### Task to complete:
Give all of the listing again word for word, with images excluded.

### Collected data:
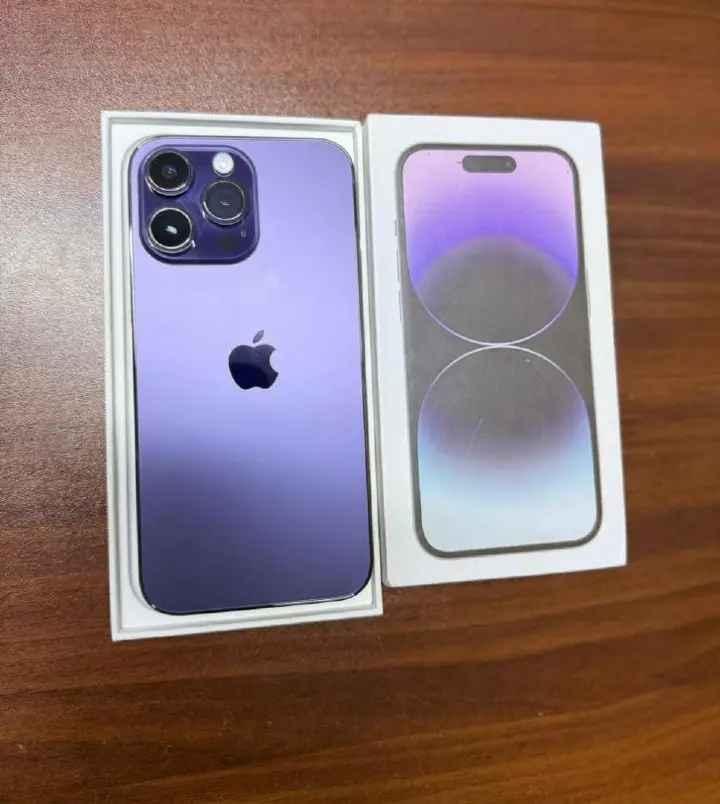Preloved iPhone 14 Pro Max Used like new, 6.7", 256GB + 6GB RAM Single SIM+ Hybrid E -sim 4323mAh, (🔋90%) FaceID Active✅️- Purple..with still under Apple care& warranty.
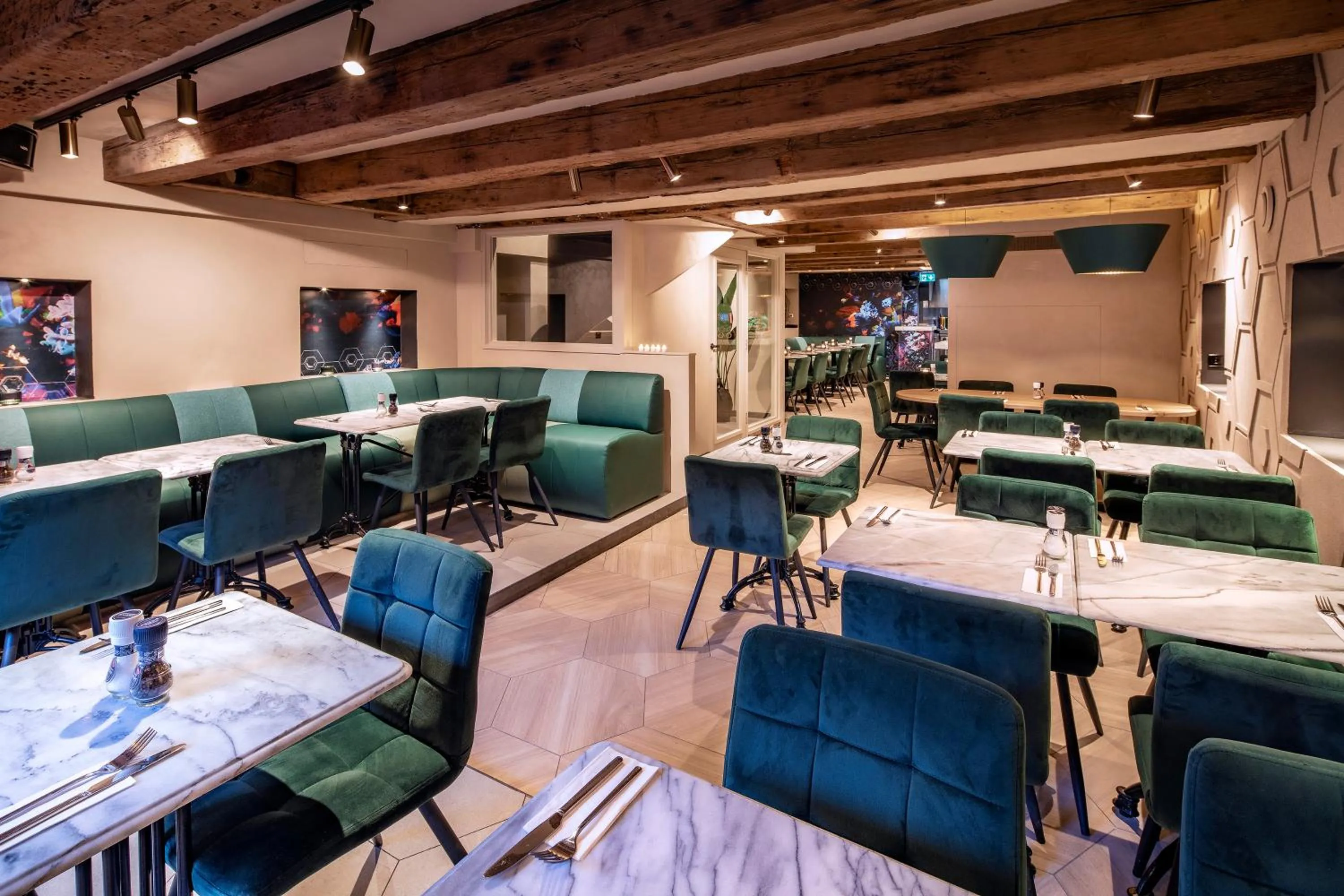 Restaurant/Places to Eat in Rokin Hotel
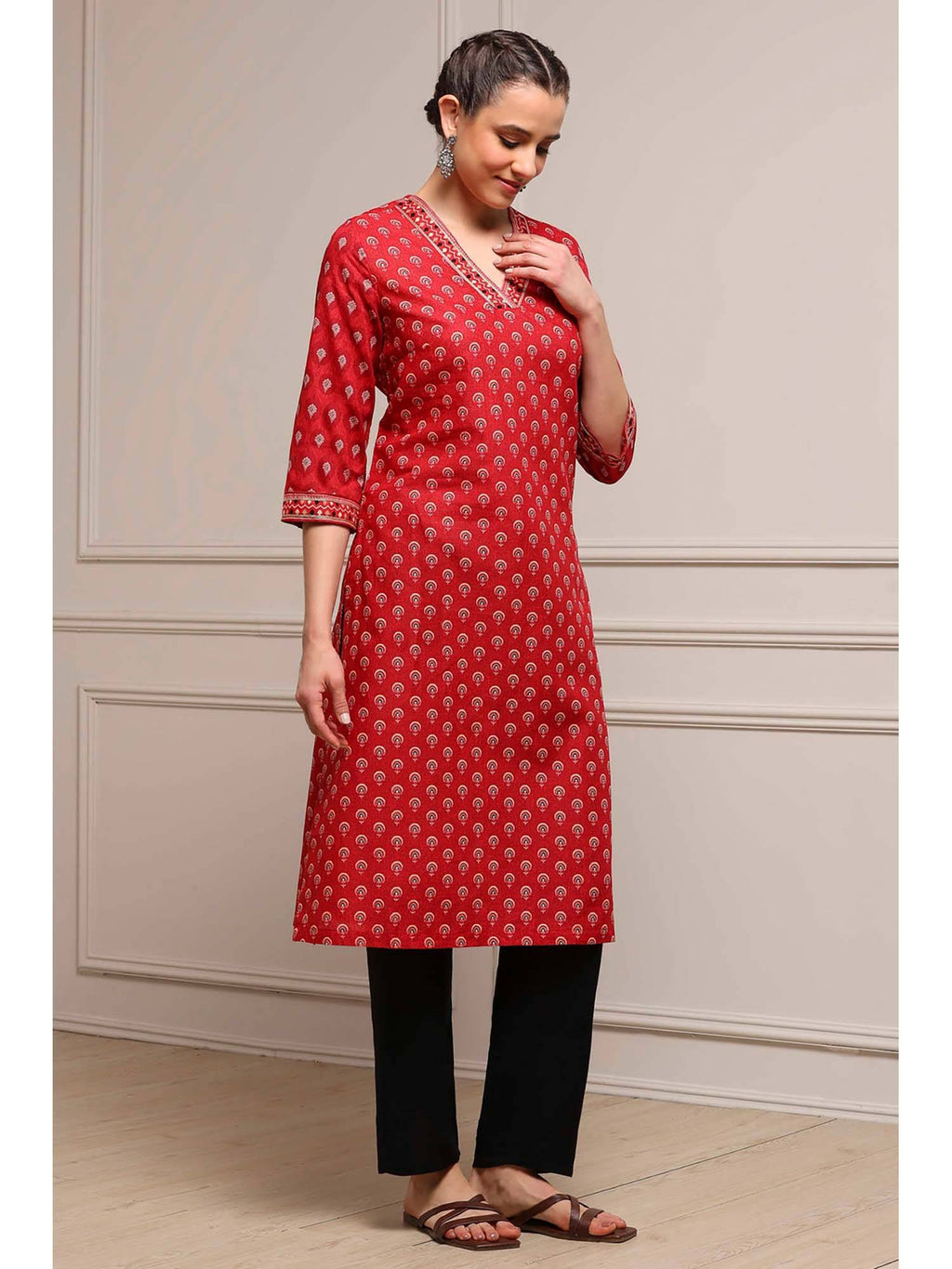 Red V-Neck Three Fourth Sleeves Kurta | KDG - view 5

### Reply to the task:
Preloved iPhone 14 Pro Max Used like new, 6.7", 256GB + 6GB RAM Single SIM+ Hybrid E -sim 4323mAh, (🔋90%) FaceID Active✅️- Purple..with still under Apple care& warranty.
 Restaurant/Places to Eat in Rokin Hotel
 Red V-Neck Three Fourth Sleeves Kurta | KDG - view 5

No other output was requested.